6. A bone cement composition according to claims 1 to 4 where the calcium component comprises at least one of the following: β tricalcium phosphate (β-TCP), α-tricalcium phosphate (α-TCP), tetracalcium phosphate (TTCP), dicalcium phosphate anhydrous (DCPA), dicalcium phosphate dihydrate (DCPD), hydroxyapatite (HA) or calcium oxide (CaO).

7. A bone cement composition according to claims 1 to 6 where the source of pyrophosphate ions is pyrophosphoric acid or a sodium pyrophosphate.

8. A bone cement composition according to claims 1 to 7 where the source of orthophosphate ions is orthophosphoric acid.

9. A bone cement composition according to claims 7 or 8 where the liquid component comprises between 0 and 90% water by weight.

10. A bone cement composition according to claims 7 or 8 where the liquid component comprises at least 10% pyrophosphoric acid or source of pyrophosphate ions by weight.

11. A bone cement composition according to claims 7 or 8 where the liquid component comprises no more than 85% pyrophosphoric acid or source of pyrophosphate ions by weight.

12. A bone cement composition according to claims 7 or 8 where the liquid component comprises at least 5% orthophosphoric acid or source of orthophosphate ions by weight.

13. A bone cement composition according to claims 7 or 8 where the liquid component comprises no more than 85% orthophosphoric acid or source of orthophosphate ions by weight.

14. A bone cement composition according to claims 7 or 8 comprising water within the range 0 to 90% by weight, pyrophosphoric acid 10 to 80% by weight and orthophosphoric acid 5 to 80% by weight.

15. A bone cement composition according to claims 7 or 8 comprising water within the range 30 to 80% by weight, pyrophosphoric acid 10 to 80% by weight and orthophosphoric acid 5 to 40% by weight.

16. A bone cement composition according to claims 7 or 8 comprising water within the range 0 to 90% by weight, pyrophosphoric acid 10 to 80% by weight and orthophosphoric acid 5 to 40% by weight.

17. A bone cement composition according to claims 7 or 8 comprising water within the range 45 to 80% by weight, pyrophosphoric acid 10 to 50% by weight and orthophosphoric acid 5 to 40% by weight.

18. A bone cement composition according to any of the preceding claims comprising a retardant.

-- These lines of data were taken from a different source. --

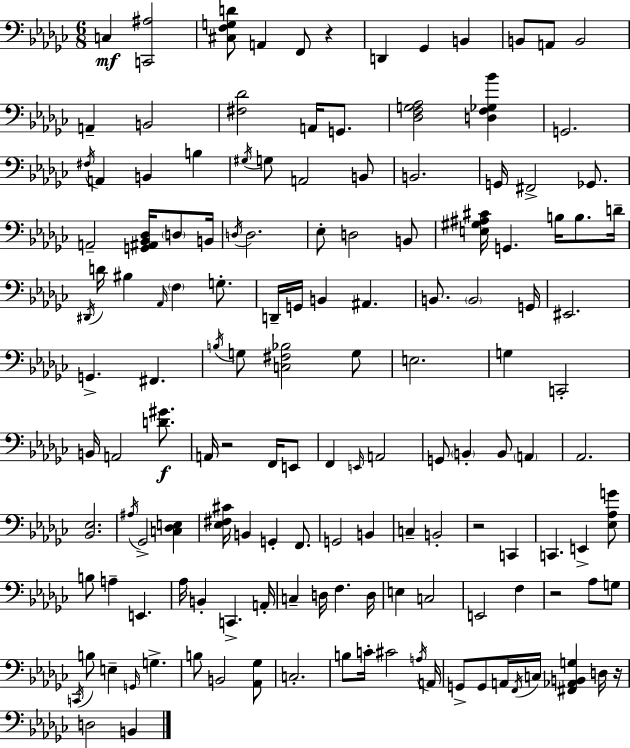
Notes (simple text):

C3/q [C2,A#3]/h [C#3,F3,G3,D4]/e A2/q F2/e R/q D2/q Gb2/q B2/q B2/e A2/e B2/h A2/q B2/h [F#3,Db4]/h A2/s G2/e. [Db3,F3,G3,Ab3]/h [D3,F3,Gb3,Bb4]/q G2/h. F#3/s A2/q B2/q B3/q G#3/s G3/e A2/h B2/e B2/h. G2/s F#2/h Gb2/e. A2/h [G2,A#2,Bb2,Db3]/s D3/e B2/s D3/s D3/h. Eb3/e D3/h B2/e [E3,G#3,A#3,C#4]/s G2/q. B3/s B3/e. D4/s D#2/s D4/s BIS3/q Ab2/s F3/q G3/e. D2/s G2/s B2/q A#2/q. B2/e. B2/h G2/s EIS2/h. G2/q. F#2/q. B3/s G3/e [C3,F#3,Bb3]/h G3/e E3/h. G3/q C2/h B2/s A2/h [D4,G#4]/e. A2/s R/h F2/s E2/e F2/q E2/s A2/h G2/e B2/q B2/e A2/q Ab2/h. [Bb2,Eb3]/h. A#3/s Gb2/h [C3,Db3,E3]/q [Eb3,F#3,C#4]/s B2/q G2/q F2/e. G2/h B2/q C3/q B2/h R/h C2/q C2/q. E2/q [Eb3,Ab3,G4]/e B3/e A3/q E2/q. Ab3/s B2/q C2/q. A2/s C3/q D3/s F3/q. D3/s E3/q C3/h E2/h F3/q R/h Ab3/e G3/e C2/s B3/e E3/q G2/s G3/q. B3/e B2/h [Ab2,Gb3]/e C3/h. B3/e C4/s C#4/h A3/s A2/s G2/e G2/e A2/s F2/s C3/s [F#2,Ab2,B2,G3]/q D3/s R/s D3/h B2/q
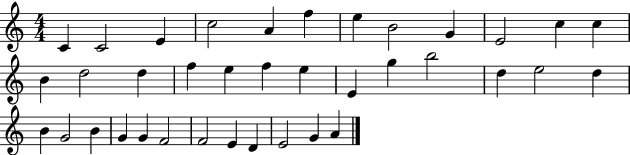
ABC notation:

X:1
T:Untitled
M:4/4
L:1/4
K:C
C C2 E c2 A f e B2 G E2 c c B d2 d f e f e E g b2 d e2 d B G2 B G G F2 F2 E D E2 G A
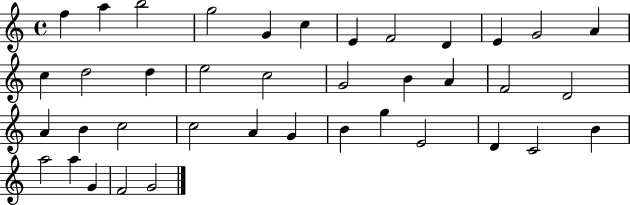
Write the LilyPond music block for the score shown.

{
  \clef treble
  \time 4/4
  \defaultTimeSignature
  \key c \major
  f''4 a''4 b''2 | g''2 g'4 c''4 | e'4 f'2 d'4 | e'4 g'2 a'4 | \break c''4 d''2 d''4 | e''2 c''2 | g'2 b'4 a'4 | f'2 d'2 | \break a'4 b'4 c''2 | c''2 a'4 g'4 | b'4 g''4 e'2 | d'4 c'2 b'4 | \break a''2 a''4 g'4 | f'2 g'2 | \bar "|."
}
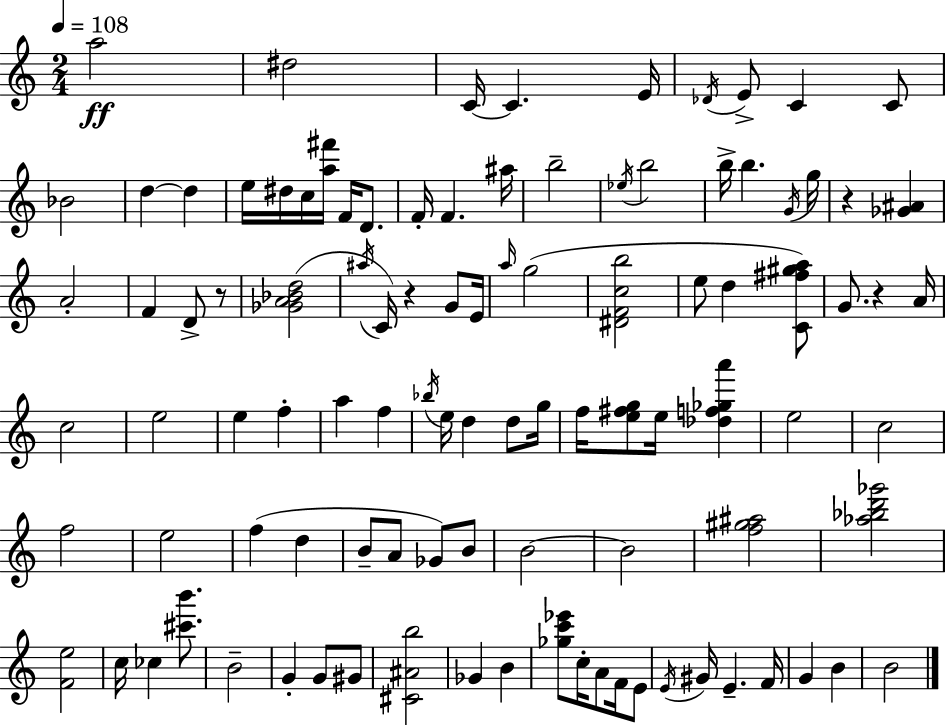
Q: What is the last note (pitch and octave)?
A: B4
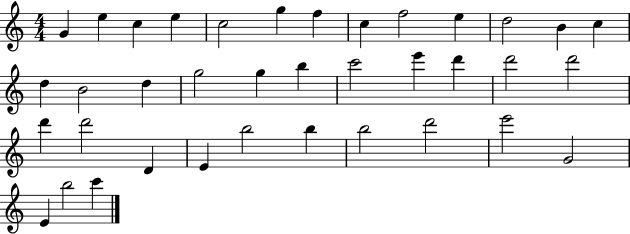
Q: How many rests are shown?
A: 0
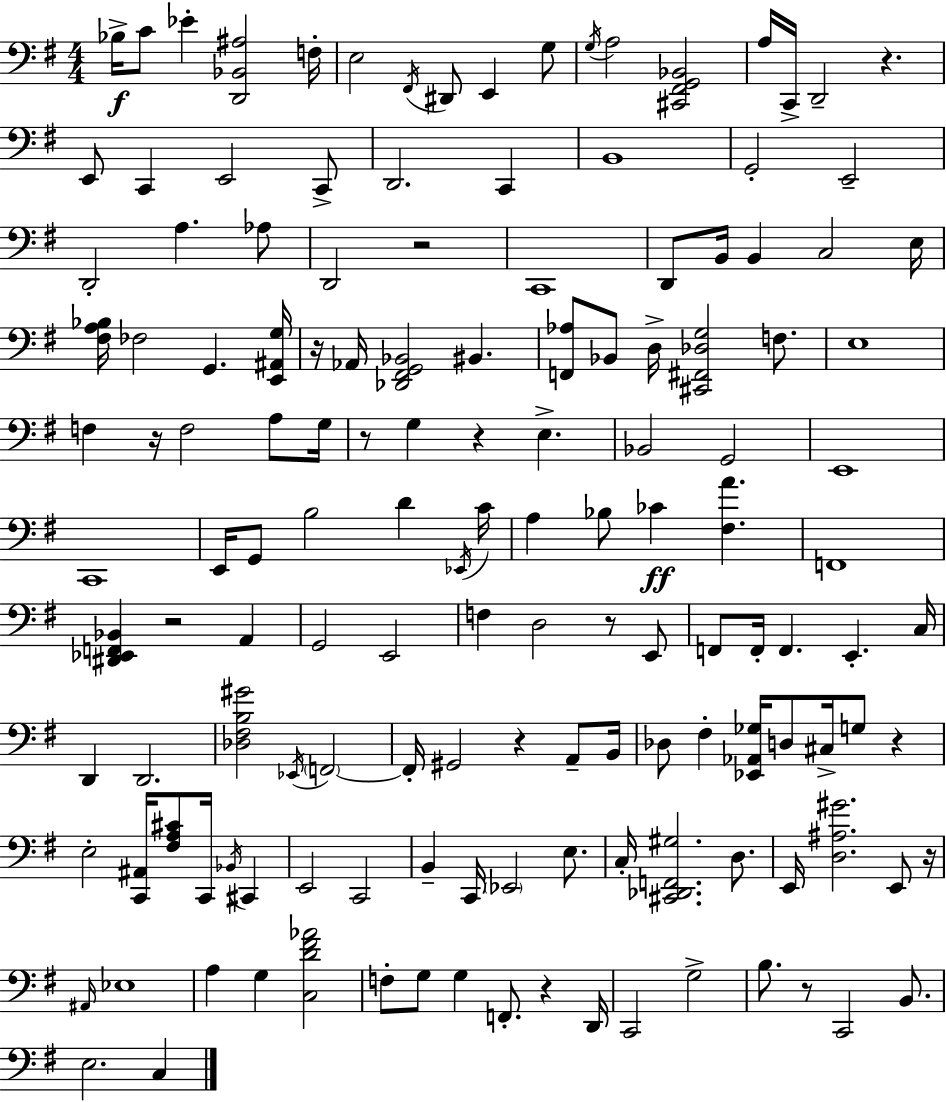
{
  \clef bass
  \numericTimeSignature
  \time 4/4
  \key g \major
  \repeat volta 2 { bes16->\f c'8 ees'4-. <d, bes, ais>2 f16-. | e2 \acciaccatura { fis,16 } dis,8 e,4 g8 | \acciaccatura { g16 } a2 <cis, fis, g, bes,>2 | a16 c,16-> d,2-- r4. | \break e,8 c,4 e,2 | c,8-> d,2. c,4 | b,1 | g,2-. e,2-- | \break d,2-. a4. | aes8 d,2 r2 | c,1 | d,8 b,16 b,4 c2 | \break e16 <fis a bes>16 fes2 g,4. | <e, ais, g>16 r16 aes,16 <des, fis, g, bes,>2 bis,4. | <f, aes>8 bes,8 d16-> <cis, fis, des g>2 f8. | e1 | \break f4 r16 f2 a8 | g16 r8 g4 r4 e4.-> | bes,2 g,2 | e,1 | \break c,1 | e,16 g,8 b2 d'4 | \acciaccatura { ees,16 } c'16 a4 bes8 ces'4\ff <fis a'>4. | f,1 | \break <dis, ees, f, bes,>4 r2 a,4 | g,2 e,2 | f4 d2 r8 | e,8 f,8 f,16-. f,4. e,4.-. | \break c16 d,4 d,2. | <des fis b gis'>2 \acciaccatura { ees,16 } \parenthesize f,2~~ | f,16-. gis,2 r4 | a,8-- b,16 des8 fis4-. <ees, aes, ges>16 d8 cis16-> g8 | \break r4 e2-. <c, ais,>16 <fis a cis'>8 c,16 | \acciaccatura { bes,16 } cis,4 e,2 c,2 | b,4-- c,16 \parenthesize ees,2 | e8. c16-. <cis, des, f, gis>2. | \break d8. e,16 <d ais gis'>2. | e,8 r16 \grace { ais,16 } ees1 | a4 g4 <c d' fis' aes'>2 | f8-. g8 g4 f,8.-. | \break r4 d,16 c,2 g2-> | b8. r8 c,2 | b,8. e2. | c4 } \bar "|."
}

19. A bone cement composition according to claim 18 where the retardant comprises at least one of the following: Chitosan, calcium sulphate hemihydrate, trisodium citrate, sodium acetate, sodium glycolate, sodium lactate, non-toxic orthophosphate salts, phosphate buffered saline.

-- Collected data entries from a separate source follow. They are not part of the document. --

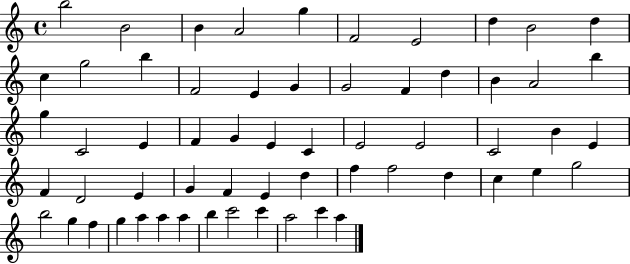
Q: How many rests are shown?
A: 0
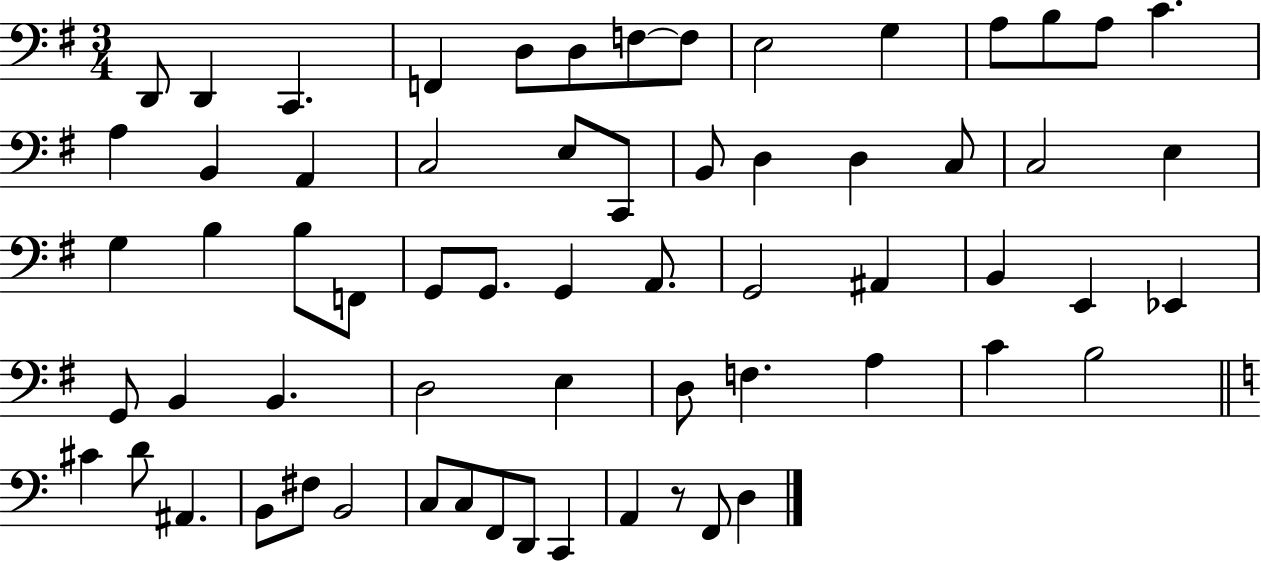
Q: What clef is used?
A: bass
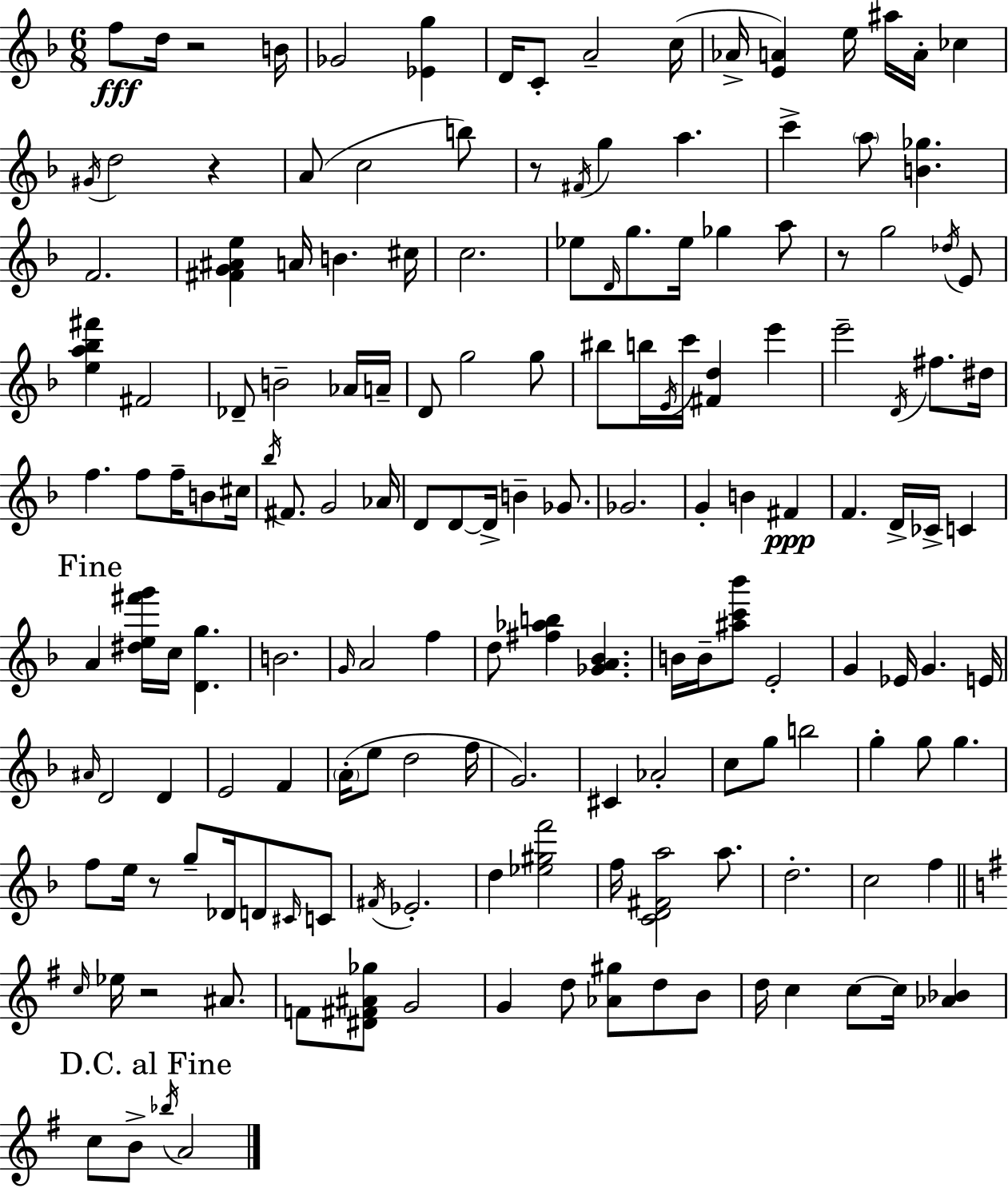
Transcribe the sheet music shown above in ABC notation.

X:1
T:Untitled
M:6/8
L:1/4
K:Dm
f/2 d/4 z2 B/4 _G2 [_Eg] D/4 C/2 A2 c/4 _A/4 [EA] e/4 ^a/4 A/4 _c ^G/4 d2 z A/2 c2 b/2 z/2 ^F/4 g a c' a/2 [B_g] F2 [^FG^Ae] A/4 B ^c/4 c2 _e/2 D/4 g/2 _e/4 _g a/2 z/2 g2 _d/4 E/2 [ea_b^f'] ^F2 _D/2 B2 _A/4 A/4 D/2 g2 g/2 ^b/2 b/4 E/4 c'/4 [^Fd] e' e'2 D/4 ^f/2 ^d/4 f f/2 f/4 B/2 ^c/4 _b/4 ^F/2 G2 _A/4 D/2 D/2 D/4 B _G/2 _G2 G B ^F F D/4 _C/4 C A [^de^f'g']/4 c/4 [Dg] B2 G/4 A2 f d/2 [^f_ab] [_GA_B] B/4 B/4 [^ac'_b']/2 E2 G _E/4 G E/4 ^A/4 D2 D E2 F A/4 e/2 d2 f/4 G2 ^C _A2 c/2 g/2 b2 g g/2 g f/2 e/4 z/2 g/2 _D/4 D/2 ^C/4 C/2 ^F/4 _E2 d [_e^gf']2 f/4 [CD^Fa]2 a/2 d2 c2 f c/4 _e/4 z2 ^A/2 F/2 [^D^F^A_g]/2 G2 G d/2 [_A^g]/2 d/2 B/2 d/4 c c/2 c/4 [_A_B] c/2 B/2 _b/4 A2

20. A process for manufacturing a bone cement of a composition according to any of the preceding claims where the components are compacted to a pressure between OMPa and 100MPa prior to setting.

21. A bone cement composition comprising a calcium component and a liquid component comprising a solution of polyphosphate salt.

22. A bone cement composition according to claim 21 where the calcium component is calcium hydroxide.

23. A bone cement composition according to claims 21 or 22 where the polyphosphate salt is sodium tripolyphosphate.